Lucky Hank is easy enough to picture with various actors, as it’s just one of many spins on man-child, midlife crises formulas – college professor Hank (Odenkirk) struggles with relevance with one published book in his past, a famous father, and a marriage that’s of the happy-on-the-surface type – but that’s maybe exactly the point: this is a fairly typical concept that Bob fully imbues with something extra; the same something that made his fast-talking lawyer on Breaking Bad more than a joke, and capable of carrying the arguably superior Better Call Saul for six seasons as well. That same typicalness is what prevents Lucky Hank from really nailing its dramedy vibes consistently, as we’re staffed up with amazing actors, but the show can’t quite find its level between workplace humor (the students are a pain! the teachers are childish!) and its harder-hitting onion peel of Hank’s life, except when Bob – or his costar Mireille Enos, equally fantastic as his wife – is leading the scene.
…But he is the main character, so that does lead to a healthy percentage of the good stuff. Stuff where Bob can use his cynical sense of humor in the way a person like Hank would use it: to deflect, deflect, deflect, with our writers inserting Hank into intersections of work politics and personalities and personal life that either feel very real – highlighting the ridiculousness of our lives in gloriously hilarious or anxiety-inducing accurate ways – or very unreal, which, again, tends to be when the more one-note side characters are used for some of the shows more hijinx-esque moments, which can be cringingly forced at times.

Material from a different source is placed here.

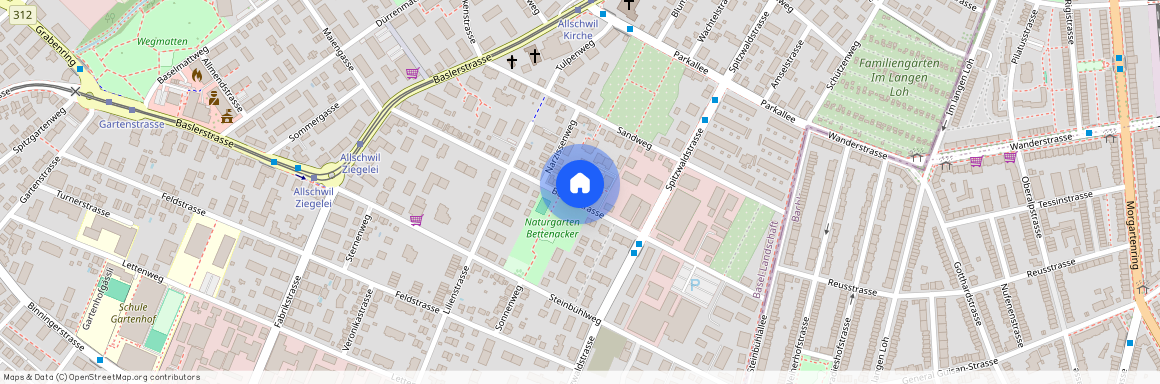 Bettenstrasse 51 a, 4123 Allschwil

Thankfully, while the show might have this uneven tone, all of those one-note characters have talented actors committed to their bits, allowing us to at least shake our heads and grin when it’s cringe, or – much more often – laugh. And that laughter carries over to when Bob gets to light up a scene with something even funnier, or, at well-chosen points, tragic. Shifting back to that variant Odenkirk world, perhaps one of those other potential Hank actors would’ve erased this tonal seesaw, playing straight comedy or straight drama, but then… maybe it becomes a less compelling show.